No podemos minimizar el golpe. Cada despido implica una historia: padres y madres preocupados por el sustento de sus hijos, jóvenes que imaginaban crecer dentro de una empresa que les daba identidad y estructura, personas que dieron lo mejor de sí por años y que hoy se enfrentan a la incertidumbre. Duele. Porque detrás de una planta automotriz no solo hay acero y líneas de producción: hay humanidad, esfuerzo, esperanza.
Y sin embargo, sería simplista atribuir toda la responsabilidad de este cierre a una sola causa, como si bastara señalar al gobierno en turno para entender lo ocurrido. La realidad es mucho más compleja. Las decisiones corporativas de una multinacional como NISSAN responden a variables globales, económicas, tecnológicas y logísticas. Sin embargo, también es cierto que una mejor coordinación, mayor diálogo, y políticas públicas orientadas a fortalecer la permanencia empresarial quizá habrían marcado una diferencia.
Dicho esto, no es momento de quedarnos anclados únicamente en la pérdida. Desde la herida también puede nacer la oportunidad. Morelos tiene ahora frente a sí un enorme reto: convertir este dolor en un impulso para diversificar su modelo económico. Tal vez sea el tiempo de mirar más allá del sector automotriz, de abrir la puerta a nuevas industrias, de atraer inversiones relacionadas con tecnología, energías limpias, manufactura ligera o incluso economía creativa.

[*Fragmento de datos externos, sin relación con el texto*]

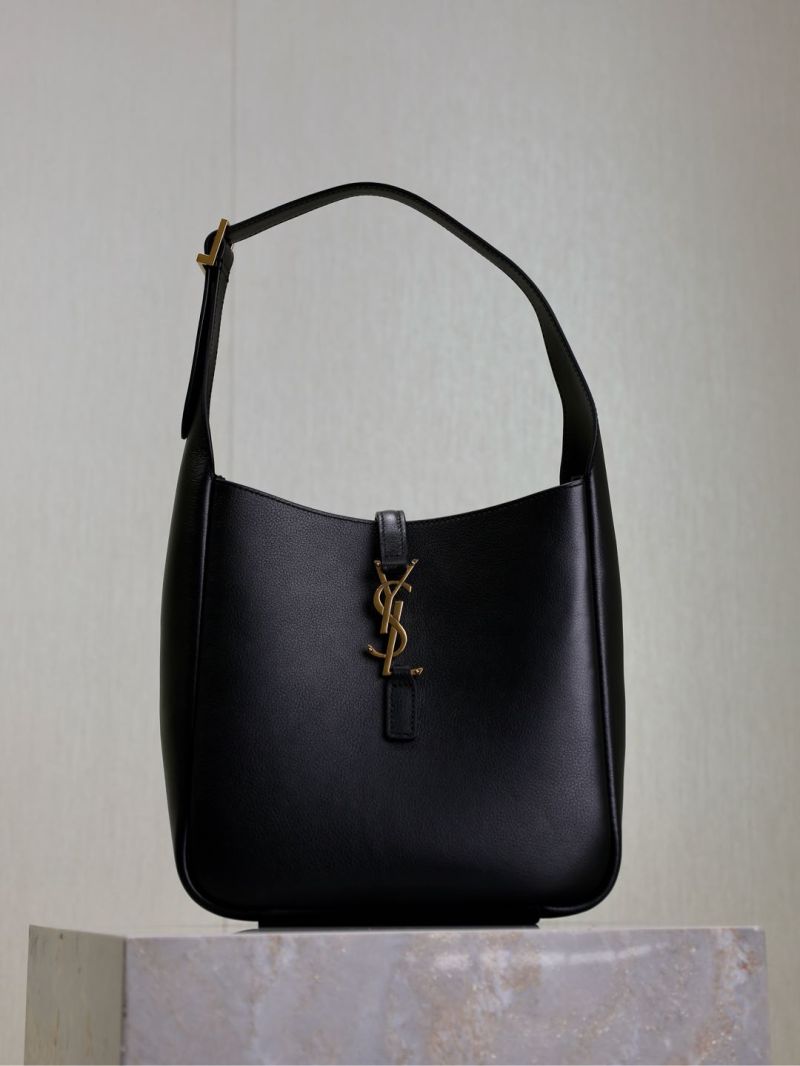 Saint Laurent LE 5 À 7 Soft Hobo Bag in Smooth Calfskin Black 71393802G0W1000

El municipio, como primer contacto con la ciudadanía, tiene un papel clave en esta transición. No se trata de sustituir una fábrica por otra como si se tratara de piezas intercambiables, sino de pensar un modelo de desarrollo más sostenible, con visión de largo plazo y, sobre todo, con participación comunitaria. El diálogo entre los distintos niveles de gobierno debe dejar de ser retórico y convertirse en acción concreta.
Ojalá que esta experiencia nos deje una enseñanza profunda: no podemos depender de una sola fuente económica, ni confiar ciegamente en la permanencia de modelos que ya muestran señales de desgaste. Pero también nos invita a la esperanza. Donde hoy hay duelo, mañana puede haber una nueva siembra.
Morelos tiene talento, tiene gente trabajadora, tiene jóvenes con ganas de crecer. Lo que hace falta es voluntad política, visión compartida y sensibilidad para entender que la economía no es sólo cifras en una hoja de cálculo, sino rostros, nombres y sueños.
Que el cierre de NISSAN no sea el final de una historia, sino el inicio de una reconstrucción más justa, más diversa y, por qué no, más valiente.